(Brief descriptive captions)
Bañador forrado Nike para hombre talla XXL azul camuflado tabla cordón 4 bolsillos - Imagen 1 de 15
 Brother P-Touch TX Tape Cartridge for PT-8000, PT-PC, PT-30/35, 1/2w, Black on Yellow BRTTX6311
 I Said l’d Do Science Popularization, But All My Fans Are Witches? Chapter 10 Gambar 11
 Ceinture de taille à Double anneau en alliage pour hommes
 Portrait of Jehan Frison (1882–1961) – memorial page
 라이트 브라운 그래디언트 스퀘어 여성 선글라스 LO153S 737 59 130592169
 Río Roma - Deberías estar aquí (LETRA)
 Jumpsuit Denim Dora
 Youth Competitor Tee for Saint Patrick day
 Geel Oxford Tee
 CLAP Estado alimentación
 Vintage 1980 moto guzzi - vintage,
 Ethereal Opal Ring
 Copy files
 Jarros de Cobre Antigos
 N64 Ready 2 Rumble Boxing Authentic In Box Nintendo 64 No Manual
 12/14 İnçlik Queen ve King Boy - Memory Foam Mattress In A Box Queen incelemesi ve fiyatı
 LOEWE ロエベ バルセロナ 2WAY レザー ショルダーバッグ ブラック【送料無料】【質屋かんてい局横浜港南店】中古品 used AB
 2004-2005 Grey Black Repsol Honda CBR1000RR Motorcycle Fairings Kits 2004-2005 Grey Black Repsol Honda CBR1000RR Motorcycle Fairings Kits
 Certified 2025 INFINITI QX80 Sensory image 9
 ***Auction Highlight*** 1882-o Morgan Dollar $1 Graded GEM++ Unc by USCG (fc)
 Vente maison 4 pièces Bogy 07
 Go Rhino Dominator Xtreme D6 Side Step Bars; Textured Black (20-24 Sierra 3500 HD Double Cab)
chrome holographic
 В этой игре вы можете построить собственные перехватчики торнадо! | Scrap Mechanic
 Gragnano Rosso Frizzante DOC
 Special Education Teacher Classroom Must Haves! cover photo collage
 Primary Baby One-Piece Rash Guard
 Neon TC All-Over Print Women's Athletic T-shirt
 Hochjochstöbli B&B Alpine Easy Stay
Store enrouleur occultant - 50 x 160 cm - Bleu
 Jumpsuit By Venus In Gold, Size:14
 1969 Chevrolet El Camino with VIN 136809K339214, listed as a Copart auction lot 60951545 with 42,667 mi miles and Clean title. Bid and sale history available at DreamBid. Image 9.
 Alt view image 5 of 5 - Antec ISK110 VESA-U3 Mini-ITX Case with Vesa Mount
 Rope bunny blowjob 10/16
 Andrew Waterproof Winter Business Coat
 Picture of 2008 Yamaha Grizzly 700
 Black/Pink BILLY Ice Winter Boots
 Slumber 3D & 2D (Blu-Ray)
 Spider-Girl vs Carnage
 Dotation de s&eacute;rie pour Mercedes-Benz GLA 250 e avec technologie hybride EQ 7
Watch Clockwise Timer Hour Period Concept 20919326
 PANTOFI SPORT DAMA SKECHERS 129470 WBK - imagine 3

* What is needed: Each record above should be repeated exactly.

* Final answer:
Bañador forrado Nike para hombre talla XXL azul camuflado tabla cordón 4 bolsillos - Imagen 1 de 15
 Brother P-Touch TX Tape Cartridge for PT-8000, PT-PC, PT-30/35, 1/2w, Black on Yellow BRTTX6311
 I Said l’d Do Science Popularization, But All My Fans Are Witches? Chapter 10 Gambar 11
 Ceinture de taille à Double anneau en alliage pour hommes
 Portrait of Jehan Frison (1882–1961) – memorial page
 라이트 브라운 그래디언트 스퀘어 여성 선글라스 LO153S 737 59 130592169
 Río Roma - Deberías estar aquí (LETRA)
 Jumpsuit Denim Dora
 Youth Competitor Tee for Saint Patrick day
 Geel Oxford Tee
 CLAP Estado alimentación
 Vintage 1980 moto guzzi - vintage,
 Ethereal Opal Ring
 Copy files
 Jarros de Cobre Antigos
 N64 Ready 2 Rumble Boxing Authentic In Box Nintendo 64 No Manual
 12/14 İnçlik Queen ve King Boy - Memory Foam Mattress In A Box Queen incelemesi ve fiyatı
 LOEWE ロエベ バルセロナ 2WAY レザー ショルダーバッグ ブラック【送料無料】【質屋かんてい局横浜港南店】中古品 used AB
 2004-2005 Grey Black Repsol Honda CBR1000RR Motorcycle Fairings Kits 2004-2005 Grey Black Repsol Honda CBR1000RR Motorcycle Fairings Kits
 Certified 2025 INFINITI QX80 Sensory image 9
 ***Auction Highlight*** 1882-o Morgan Dollar $1 Graded GEM++ Unc by USCG (fc)
 Vente maison 4 pièces Bogy 07
 Go Rhino Dominator Xtreme D6 Side Step Bars; Textured Black (20-24 Sierra 3500 HD Double Cab)
chrome holographic
 В этой игре вы можете построить собственные перехватчики торнадо! | Scrap Mechanic
 Gragnano Rosso Frizzante DOC
 Special Education Teacher Classroom Must Haves! cover photo collage
 Primary Baby One-Piece Rash Guard
 Neon TC All-Over Print Women's Athletic T-shirt
 Hochjochstöbli B&B Alpine Easy Stay
Store enrouleur occultant - 50 x 160 cm - Bleu
 Jumpsuit By Venus In Gold, Size:14
 1969 Chevrolet El Camino with VIN 136809K339214, listed as a Copart auction lot 60951545 with 42,667 mi miles and Clean title. Bid and sale history available at DreamBid. Image 9.
 Alt view image 5 of 5 - Antec ISK110 VESA-U3 Mini-ITX Case with Vesa Mount
 Rope bunny blowjob 10/16
 Andrew Waterproof Winter Business Coat
 Picture of 2008 Yamaha Grizzly 700
 Black/Pink BILLY Ice Winter Boots
 Slumber 3D & 2D (Blu-Ray)
 Spider-Girl vs Carnage
 Dotation de s&eacute;rie pour Mercedes-Benz GLA 250 e avec technologie hybride EQ 7
Watch Clockwise Timer Hour Period Concept 20919326
 PANTOFI SPORT DAMA SKECHERS 129470 WBK - imagine 3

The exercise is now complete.